### INPUT FOR THIS TASK

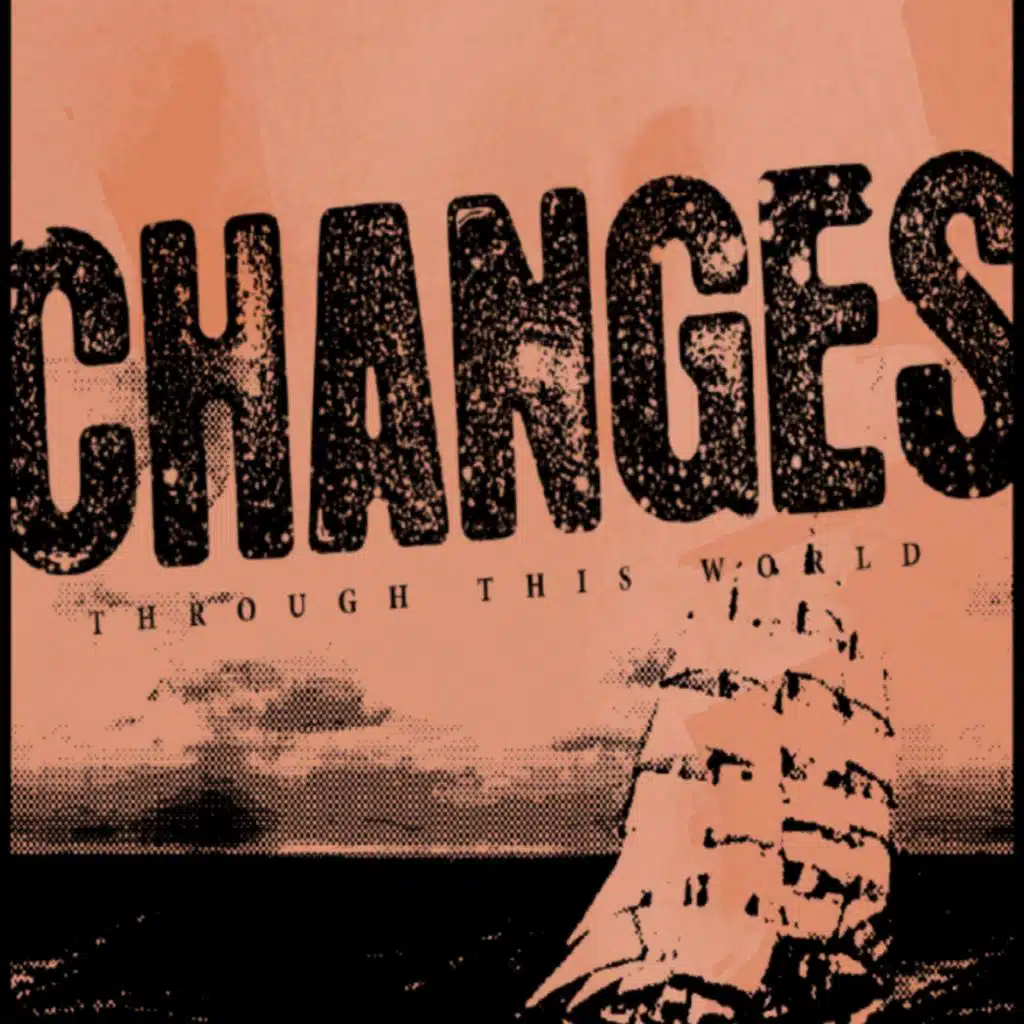 Changes EP (Through This World)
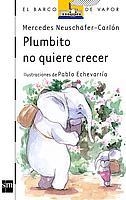 PLUMBITO NO QUIERE CRECER (BVB 88) | 9788434878143 | NEUSCHAFER-CARLON, MERCEDES | Librería Castillón - Comprar libros online Aragón, Barbastro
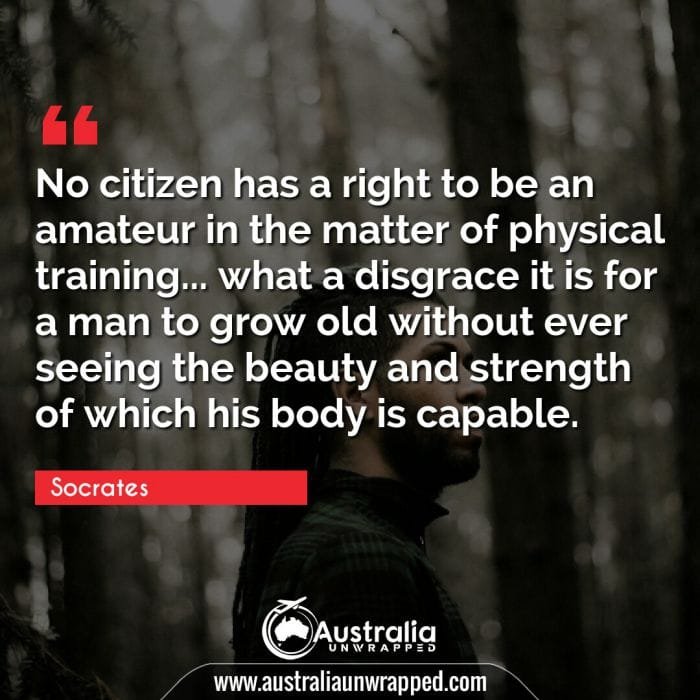 No citizen has a right to be an amateur in the matter of physical training… what a disgrace it is for a man to grow old without ever seeing the beauty and strength of which his body is capable.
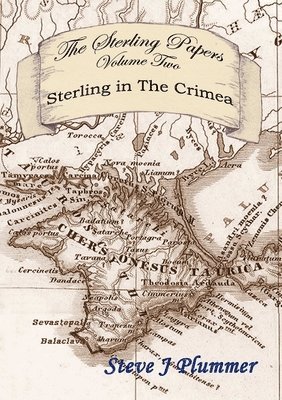 bokomslag The Sterling Papers - Volume Two: Sterling In The Crimea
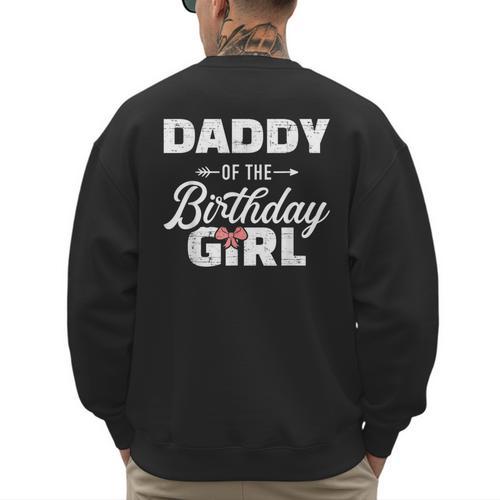 Daddy Of The Birthday Daughter Girl Matching Family For Dad Men's Sweatshirt Back Print - Father's Day Fun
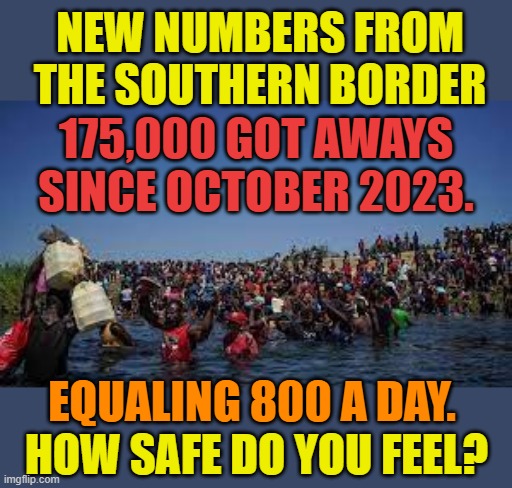 How Safe Do Tou Feel? | NEW NUMBERS FROM THE SOUTHERN BORDER; 175,000 GOT AWAYS SINCE OCTOBER 2023. EQUALING 800 A DAY. HOW SAFE DO YOU FEEL? | image tagged in memes,politics,joe biden,border,feeling,safe | made w/ Imgflip meme maker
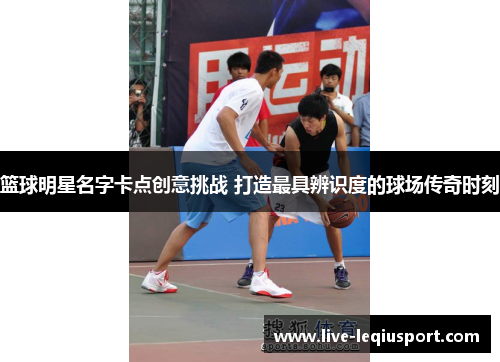 篮球明星名字卡点创意挑战 打造最具辨识度的球场传奇时刻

### WHAT IS REQUIRED
Only the lines from the one containing "No citizen has" through the final line of the records should be transcribed, exactly and with no pictures.

### EXERCISE RESULT
 No citizen has a right to be an amateur in the matter of physical training… what a disgrace it is for a man to grow old without ever seeing the beauty and strength of which his body is capable.
 bokomslag The Sterling Papers - Volume Two: Sterling In The Crimea
 Daddy Of The Birthday Daughter Girl Matching Family For Dad Men's Sweatshirt Back Print - Father's Day Fun
 How Safe Do Tou Feel? | NEW NUMBERS FROM THE SOUTHERN BORDER; 175,000 GOT AWAYS SINCE OCTOBER 2023. EQUALING 800 A DAY. HOW SAFE DO YOU FEEL? | image tagged in memes,politics,joe biden,border,feeling,safe | made w/ Imgflip meme maker
 篮球明星名字卡点创意挑战 打造最具辨识度的球场传奇时刻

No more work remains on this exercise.